[DATA EXTRACTS Boundary: Start]
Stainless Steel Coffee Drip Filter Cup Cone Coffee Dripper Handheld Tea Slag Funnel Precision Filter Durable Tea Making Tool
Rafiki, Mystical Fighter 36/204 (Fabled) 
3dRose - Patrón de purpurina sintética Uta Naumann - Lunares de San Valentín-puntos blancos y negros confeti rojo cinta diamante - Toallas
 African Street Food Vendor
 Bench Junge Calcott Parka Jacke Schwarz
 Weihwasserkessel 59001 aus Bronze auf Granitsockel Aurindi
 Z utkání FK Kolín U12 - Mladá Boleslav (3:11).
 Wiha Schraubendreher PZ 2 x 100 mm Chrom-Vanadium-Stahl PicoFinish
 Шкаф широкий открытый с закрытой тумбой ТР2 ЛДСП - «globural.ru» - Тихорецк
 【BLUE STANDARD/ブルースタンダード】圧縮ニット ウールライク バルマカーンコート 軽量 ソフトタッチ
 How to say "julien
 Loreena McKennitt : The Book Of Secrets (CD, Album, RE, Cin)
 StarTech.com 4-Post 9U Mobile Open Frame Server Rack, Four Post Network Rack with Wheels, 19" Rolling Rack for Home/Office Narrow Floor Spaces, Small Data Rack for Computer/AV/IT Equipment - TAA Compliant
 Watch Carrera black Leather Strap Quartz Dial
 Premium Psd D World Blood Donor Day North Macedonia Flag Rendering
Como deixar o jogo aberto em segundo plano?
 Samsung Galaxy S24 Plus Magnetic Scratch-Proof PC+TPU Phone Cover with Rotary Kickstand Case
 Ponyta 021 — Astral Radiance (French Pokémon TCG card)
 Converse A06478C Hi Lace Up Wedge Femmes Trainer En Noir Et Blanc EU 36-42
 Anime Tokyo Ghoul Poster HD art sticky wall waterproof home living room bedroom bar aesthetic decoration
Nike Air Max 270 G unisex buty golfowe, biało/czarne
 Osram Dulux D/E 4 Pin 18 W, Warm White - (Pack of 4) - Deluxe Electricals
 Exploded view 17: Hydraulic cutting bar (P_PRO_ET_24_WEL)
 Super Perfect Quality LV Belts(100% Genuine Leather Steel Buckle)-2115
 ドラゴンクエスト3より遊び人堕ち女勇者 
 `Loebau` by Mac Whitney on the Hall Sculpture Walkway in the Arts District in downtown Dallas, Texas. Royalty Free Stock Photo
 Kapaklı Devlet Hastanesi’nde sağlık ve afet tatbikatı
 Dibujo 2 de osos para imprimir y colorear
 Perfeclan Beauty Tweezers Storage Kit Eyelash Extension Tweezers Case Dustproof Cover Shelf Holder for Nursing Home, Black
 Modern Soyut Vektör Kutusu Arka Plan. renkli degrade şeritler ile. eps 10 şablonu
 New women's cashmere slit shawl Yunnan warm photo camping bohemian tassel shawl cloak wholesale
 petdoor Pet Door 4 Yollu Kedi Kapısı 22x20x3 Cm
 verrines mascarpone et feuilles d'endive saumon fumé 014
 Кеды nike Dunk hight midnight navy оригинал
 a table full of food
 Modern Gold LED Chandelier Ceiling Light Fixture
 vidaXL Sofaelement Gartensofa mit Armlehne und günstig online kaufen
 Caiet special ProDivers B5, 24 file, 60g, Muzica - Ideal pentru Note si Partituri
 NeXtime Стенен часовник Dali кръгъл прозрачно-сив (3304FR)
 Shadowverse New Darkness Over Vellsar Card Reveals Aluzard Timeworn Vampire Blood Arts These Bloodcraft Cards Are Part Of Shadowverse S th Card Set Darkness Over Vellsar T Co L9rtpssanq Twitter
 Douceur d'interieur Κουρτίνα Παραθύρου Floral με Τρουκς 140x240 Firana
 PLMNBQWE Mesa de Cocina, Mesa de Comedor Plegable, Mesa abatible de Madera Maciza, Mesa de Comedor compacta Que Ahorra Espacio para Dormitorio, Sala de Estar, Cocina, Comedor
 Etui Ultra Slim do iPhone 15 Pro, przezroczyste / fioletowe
[DATA EXTRACTS Boundary: End]
## [WHAT TO DO]
Report back every line of the entries in which "para" occurs.

## [WORKED SOLUTION]
 Dibujo 2 de osos para imprimir y colorear
 PLMNBQWE Mesa de Cocina, Mesa de Comedor Plegable, Mesa abatible de Madera Maciza, Mesa de Comedor compacta Que Ahorra Espacio para Dormitorio, Sala de Estar, Cocina, Comedor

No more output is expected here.